BEN BUSH, ISDA | P 9 Benjamin Bush is an assistant professor of Industrial Design at Auburn University. He joined the School of Industrial and Graphic Design in Fall of 2017 after years of advancing industrial design curriculums at the University of Louisiana at Lafayette and the Savannah College of Art and Design. Benjamin has championed the importance of studio culture and teamwork. His students have designed and built artifacts from kid’s toys to kayaks. He has led collaborative studios with some of the world’s most famous companies such as BMW, Snap On, Michael Kors, and HP to name a few. He has spoken at numerous universities across Ireland, given sketching workshops in San Jose, Costa Rica and San Paolo, Brazil, facilitated design camps in Tuscumbia, Alabama and Foel Ortho, Wales, and led students to redesign the visual brand language of the Apt cultural center in Apt, France. In 2013, Benjamin was awarded the IDSA Young Educator of the Year Award. This annual award is given to an educator who has earned the respect and admiration of colleagues and students for his/her teaching of industrial design and maintained unwavering commitment to the values and principles of the industrial design profession.

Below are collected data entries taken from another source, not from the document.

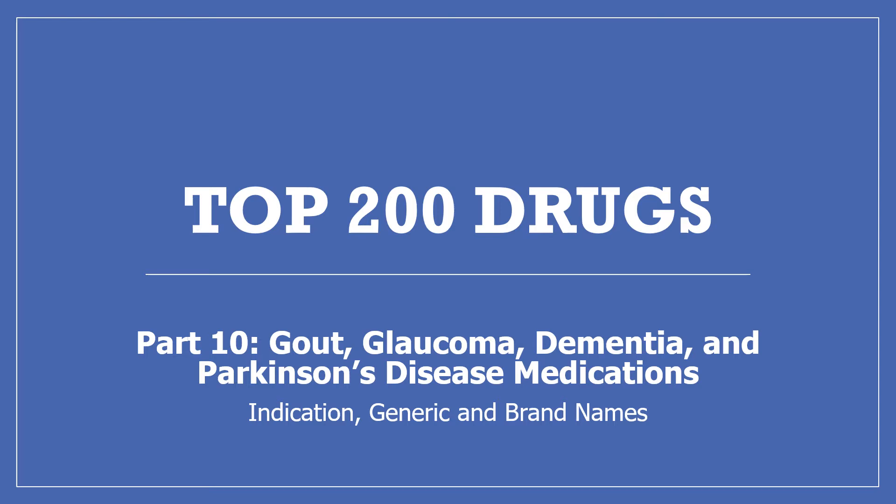Hi, my name is Amanda and I'm a pharmacist. Today I'll be continuing with my top 200 drugs presentation with part 10: gout, glaucoma, dementia, and Parkinson's disease medications. We'll be covering what the drugs are for, some pharmacology and mechanism of action, and the generic and brand names.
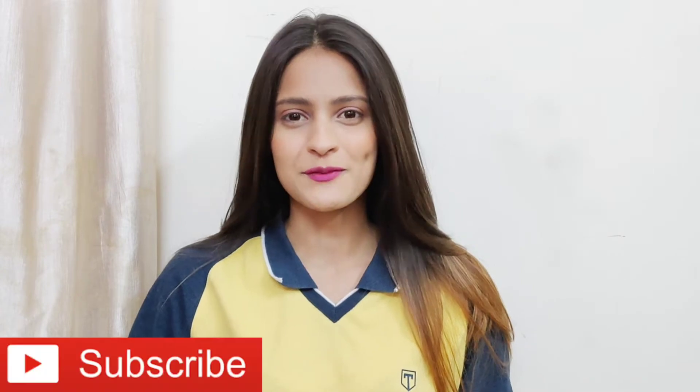Hi everyone and welcome, or welcome back to my channel. If you are new here, please take a moment to subscribe and also follow me on socials to get connected.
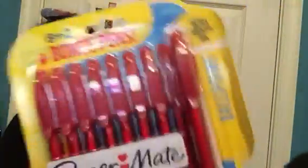Then I got three — I got some red pens. And then I got two bonus pens. That's awesome.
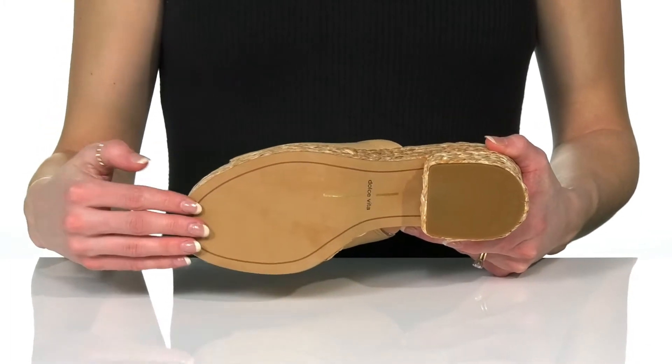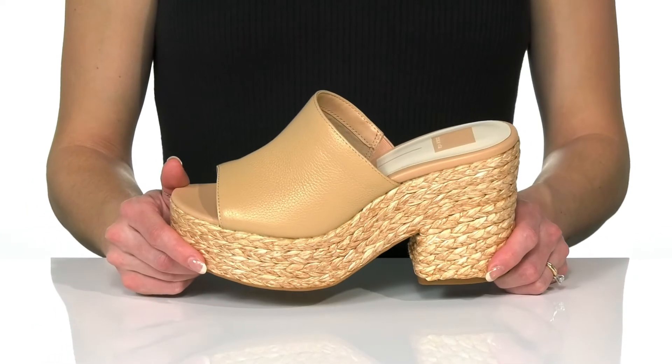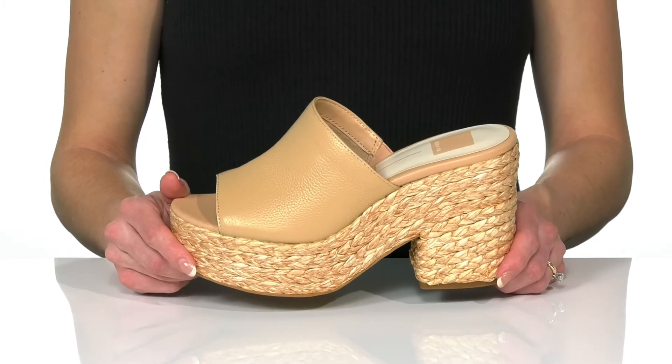Underneath there is a textile and synthetic outsole that is great to help with traction, and you can style these with high-waisted denim jeans and a bodysuit for an adorable look.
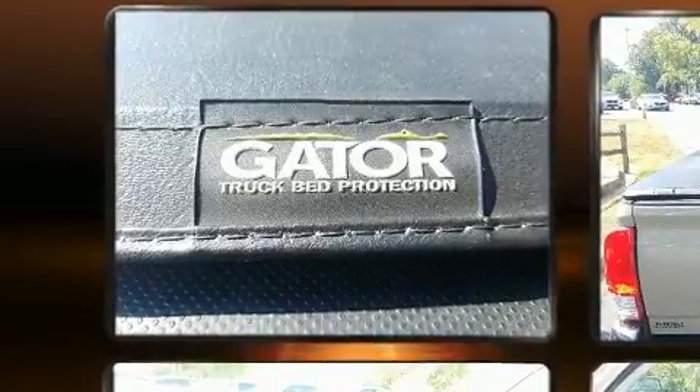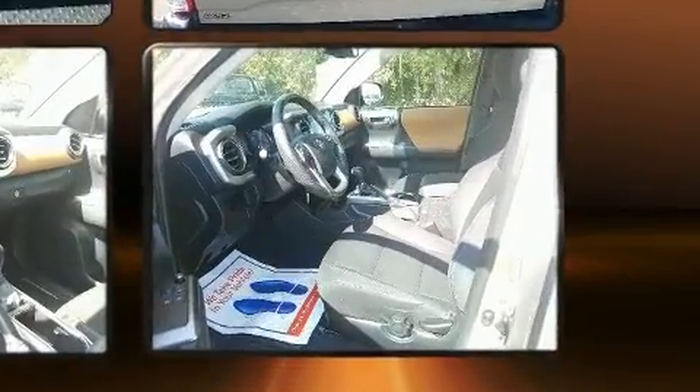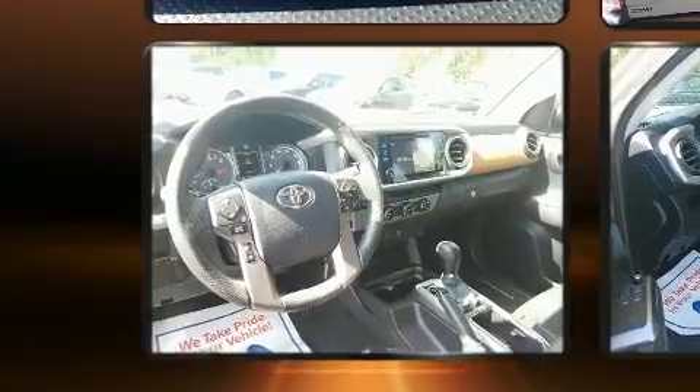Enjoy your favorite music via the stereo system, which includes a CD player with MP3 capability, steering wheel-mounted audio controls, and six speakers enhancing the audio experience throughout the interior.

TESSA CARR | P 1 Tessa Carr earned her Ph.D. from the University of Texas at Austin in communication studies with an emphasis in performance studies and a portfolio in women’s and gender studies. She teaches and directs productions for Auburn University Department of Theatre and she also serves as the Artistic Director of Mosaic Theatre Company - a company sponsored by the College of Liberal Arts that is committed to creating original work fostering conversations about issues of diversity. Mosaic Theatre Company performs original work dealing with issues of diversity and social justice numerous times each semester at a variety of campus and community venues. Her research focuses on devised performance in practice and theory, autobiographical performance, feminist performance strategies, and performance as pedagogy. She enjoys creating print scholarship as well as performance as scholarly inquiry. Her latest autoethnographic performance art work, Hauntings: Marking Flesh, Time, Memory is an original work co-written and performed with Dr. Deanna Shoemaker. This work has been featured at California State Northridge, the Patti Pace Performance Festival at Southern Illinois University, The National Communication Association Conference, and Villanova University. The full script is published in Text and Performance Quarterly. Her current print scholarship endeavors examine the work of Mosaic Theatre Company and the possibilities for performance as civic engagement and dialogue.